I claim this is a good specification (modulo the [...]) of the behaviour of 
"sqrt". Now tell me how you're going to generate code for sqrt from it, and
convince me that the code will be efficient, and that you have a *general*
mechanism that will do this for examples further removed from the Opening Book
of moves in the Specification Game.

I'll also think that the remark "specifying most programs is impossible" is
wrong. "bloody difficult, especially after the fact" is the predicate that
springs to mind.

Regards,
Kers.
--

Regards, Kers.
"If anything anyone lacks, they'll find it all ready in stacks."

ian@oravax.UUCP (Ian Sutherland) (01/13/90)
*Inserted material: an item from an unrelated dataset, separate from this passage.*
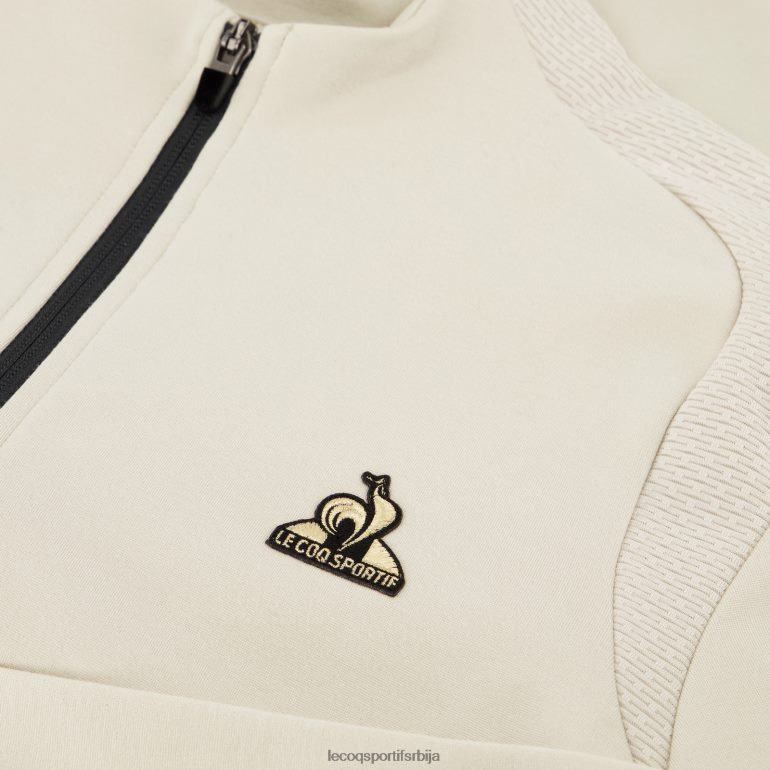 мушкарци Le Coq Sportif дуксерица браон одећу LVZN2D8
bzs@world.std.com (Barry Shein) writes:

>Yes, the flap in the early 80's was over automatic program
>verification. It seemed that DOD was considering putting $150M into
>this so the debate became quite bloody.

In this discussion, does the term "automatic program verification"
mean "FULLY automatic", that is, you just hand it the program and the
specification and it says "yes" or "no", or are we talking about
USER-GUIDED verification?

>I should think that the idea would be silly on the face of it... after
>all, wouldn't it need to have a subroutine that could solve the
>halting problem?

It depends on whether your specification language allows you to state
that the program halts, and it depends on whether your verifier is (in
the above sense) fully automatic.  If it does, and it is
(respectively) then there will be some programs that it gives an
incorrect answer for.  If the verifier is also allowed to answer "I
don't know", then it can always answer correctly but if so, must
sometimes answer "I don't know".
-- 
Ian Sutherland		ian%oravax.uucp@cu-arpa.cs.cornell.edu

Sans Peur

ian@oravax.UUCP (Ian Sutherland) (01/13/90)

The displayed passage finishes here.